Background

Online extremist narratives can polarize communities and amplify misinformation. Traditional detection methods often overlook the relational dynamics of online discourse. This study introduces a hybrid BERT-GNN model that combines linguistic features with network structures to identify extremist content and map influence within BLM Twitter conversations.

Objectives

01

Develop and validate a tweet classification pipeline.

Manually labeled tweets (Extremist / Non-extremist) were used to fine-tune a BERT model to produce robust content labels across the dataset.
02

Construct and train a GNN for link prediction.

Construct a social graph of users and labeled tweets and train a GNN to predict which user–tweet pairs are likely to form engagement links.
03

Evaluate model performance and robustness.

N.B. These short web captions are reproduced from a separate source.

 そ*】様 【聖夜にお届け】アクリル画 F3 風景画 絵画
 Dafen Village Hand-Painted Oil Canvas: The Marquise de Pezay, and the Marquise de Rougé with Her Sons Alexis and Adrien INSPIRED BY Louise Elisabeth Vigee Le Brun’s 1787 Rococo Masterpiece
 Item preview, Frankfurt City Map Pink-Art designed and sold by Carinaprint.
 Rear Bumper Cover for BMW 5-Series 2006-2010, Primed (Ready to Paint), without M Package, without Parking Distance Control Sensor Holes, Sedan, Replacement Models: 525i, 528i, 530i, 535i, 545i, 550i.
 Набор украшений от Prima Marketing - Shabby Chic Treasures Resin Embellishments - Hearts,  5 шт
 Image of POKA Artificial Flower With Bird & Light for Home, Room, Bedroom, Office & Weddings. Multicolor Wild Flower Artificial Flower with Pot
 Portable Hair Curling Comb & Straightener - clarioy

Measure performance with metrics and run ablation studies to compare GNN configurations.

Methodology

Data Collection

Collect data using RapidAPI APIs or scraping tools like Tweety
Data Preprocessing

Clean and preprocess the collected data to ensure quality and consistency.
BERT-GNN

Use the BERT model to output labels then feed them into the GNN for training and link prediction.
Evaluation & Deployment

Evaluate the model performance and deploy it for real-time analysis.

Results

	Accuracy	Precision	Recall	F1 Score	PR AUC
GCN	0.71	0.471	0.567	0.508	0.758
GraphSAGE	0.887	0.815	0.999	0.898	0.925

The GraphSAGE model achieved the highest overall performance, with an accuracy of 0.887, F1-score of 0.898, and PR-AUC of 0.925, indicating strong capability in correctly identifying both positive and negative links within the graph. Its recall score of 0.999 suggests that nearly all true positive links were successfully detected, though the slightly lower precision (0.815) indicates a modest number of false positives. This behavior implies that GraphSAGE effectively generalizes the contextual and relational features learned from the BERT HateXplain embeddings, capturing fine-grained semantic cues and user–tweet relationships within the network.